Provided records Start Marker

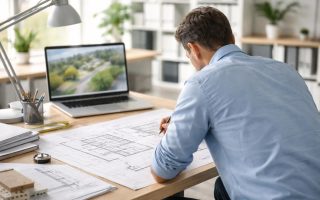 architecte-plans-table-bureau-lumineux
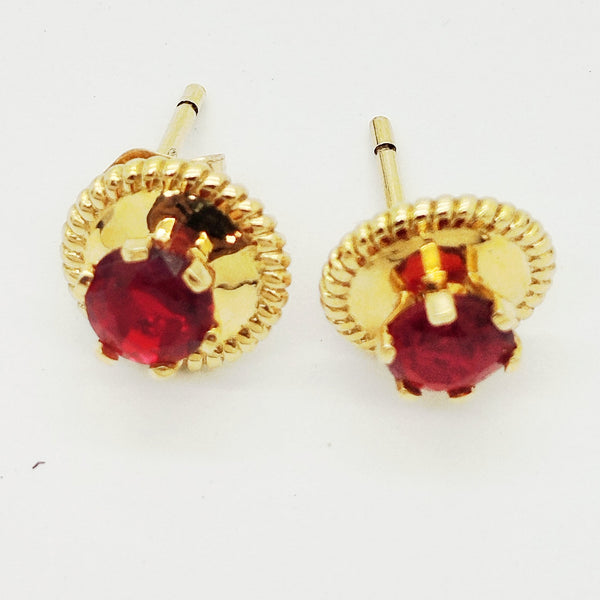 Boucles d'oreilles en Or jaune 18K - 2.13g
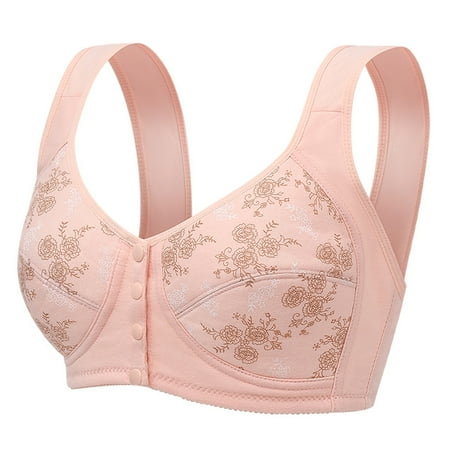 Fsqjgq Bras for Women Underwear Nursing Bras Fitness Brasier Wirefree Bras with Support and Lift Plus Size Push Up Bra Mother Underwear Front Button Bra Seamless Push Up Vest Bra Seamless Sports Bras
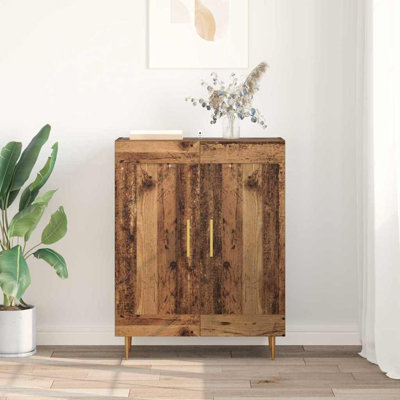  Sideboard Old Wood 69.5 X 34 X 90 Cm Engineered Wood And Iron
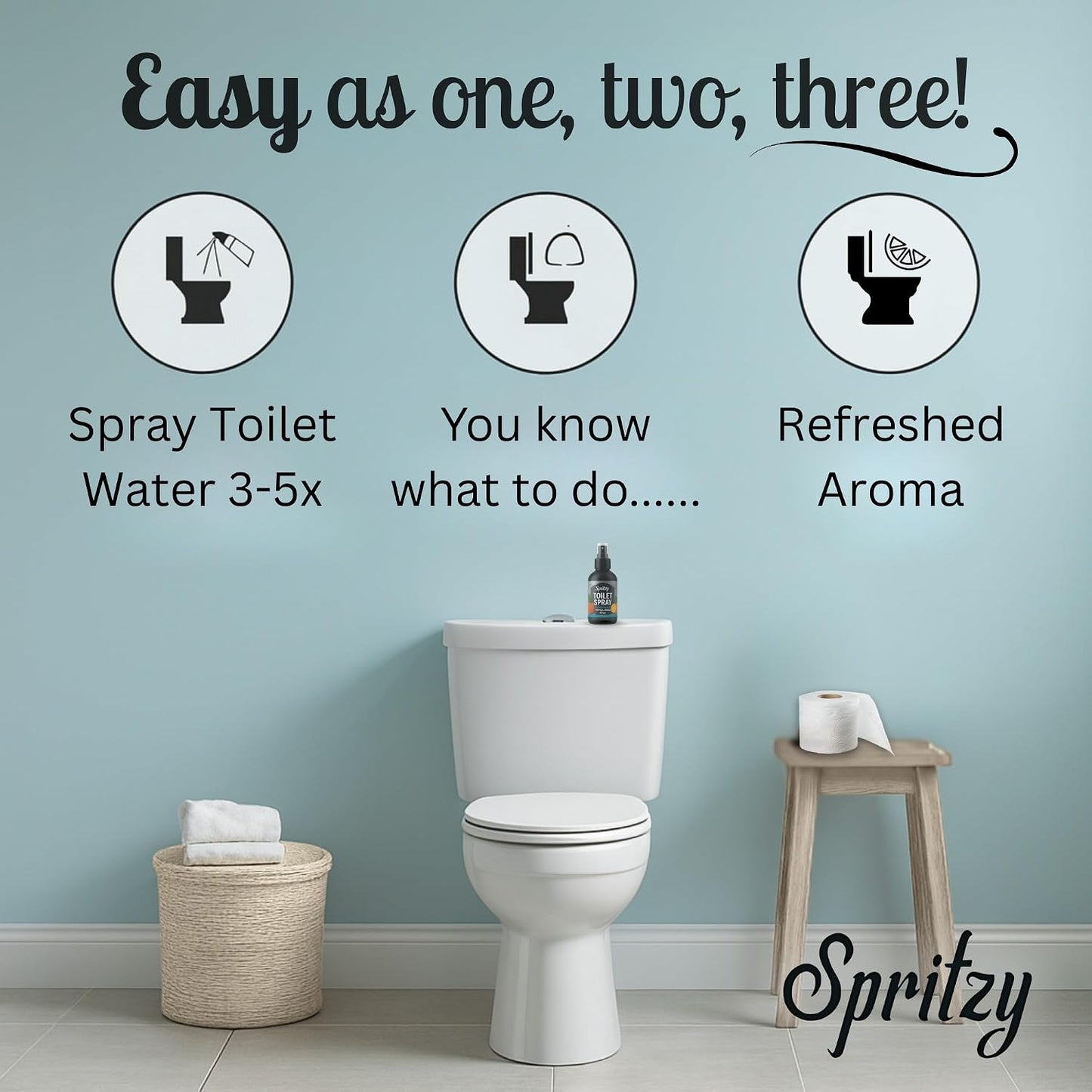 Toilet Spray (4 fl oz) | 600+ Sprays | Poo Spray w/Many Scents – Restroom & Bathroom Odor Eliminator – Essentials for a Fresh, Confident Bathroom (Festive Flush)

Provided records End Marker

## Exercise requirements
Produce an exact copy of only those lines that run from the line with "Boucles d'oreilles en Or jaune 18K - 2.13g" to the final line of the records, including both; exclude images.

## Solution
 Boucles d'oreilles en Or jaune 18K - 2.13g
 Fsqjgq Bras for Women Underwear Nursing Bras Fitness Brasier Wirefree Bras with Support and Lift Plus Size Push Up Bra Mother Underwear Front Button Bra Seamless Push Up Vest Bra Seamless Sports Bras
  Sideboard Old Wood 69.5 X 34 X 90 Cm Engineered Wood And Iron
 Toilet Spray (4 fl oz) | 600+ Sprays | Poo Spray w/Many Scents – Restroom & Bathroom Odor Eliminator – Essentials for a Fresh, Confident Bathroom (Festive Flush)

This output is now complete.